When powering the 3 displays off the CPU alone it only reached around 60% off a 17W TDP chip. That's quite amazing. I'm really looking forward to Trinity, despite dumping the Stars architecture and adapting the new, and hopefully improved, BD design. It looks as if they've got some things figured out but it also seems they're looking forward to a first half of '12 release rather than Q1. If it performs as they say, I'd love a lappy or ultrabook powered by one of these :)
 
Also check out the article on HH showing the laptop reveal. All that action going on and it seems pretty fluid. I wonder if that is the 17W part or if it's higher TDP. If that's 17 that's extremely impressive.

Only one more thing I want to know: will the Trinity platform support Intel's advanced steering wheel interface? :D
 
I'm kinda disappointed in seeing more 100W & 125W APUs.

I'm actually more interested in Trinity's graphics performance, even more so from what that demo showed.
 
I'm kinda disappointed in seeing more 100W & 125W APUs.

I'm actually more interested in Trinity's graphics performance, even more so from what that demo showed.

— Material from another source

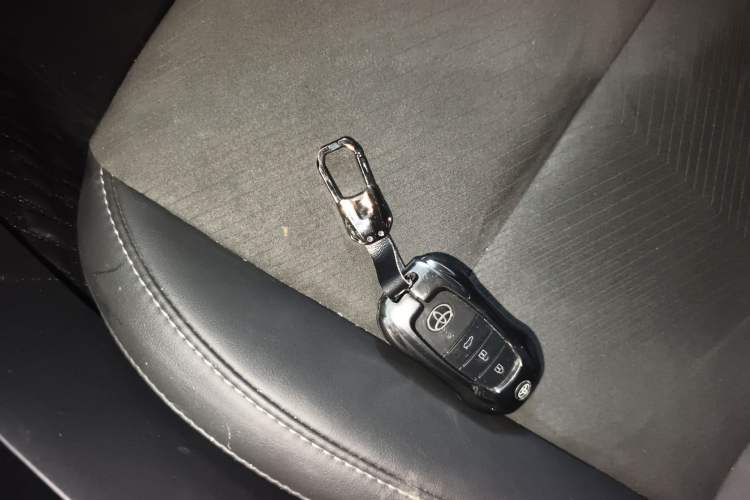 Used Toyota Camry 2026 Model Dual-Engine 2.0HXS Sport Plus Edition Vehicle Key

Honestly I'm not all that surprised. They want to give an option for high-end graphics performance, and having 125w parts allow much more flexibility and options than just having 65w parts.
 
I'm kinda disappointed in seeing more 100W & 125W APUs.

I'm actually more interested in Trinity's graphics performance, even more so from what that demo showed.

why are you disapointed in seeing 100w/125w chips. hell i'm glad they have them. that means there will still be desktop performance processors and a usable gpu for more then browsing the web and playing video's of some one playing a game(yeah i had to put that in there, just to funny not to). right now the only thing the desktop market has is intel and their pos HD2000 and HD3000 igp's.
 
God I hate marketing clowns. Are they saying Piledriver cores will be 25% faster than Stars at the same frequency? 25% faster at what?

Cool demo. Looks like a good product.

25% faster then Llano at same TDP. Check the slides at the bottom.

Also check out the article on HH showing the laptop reveal. All that action going on and it seems pretty fluid. I wonder if that is the 17W part or if it's higher TDP. If that's 17 that's extremely impressive.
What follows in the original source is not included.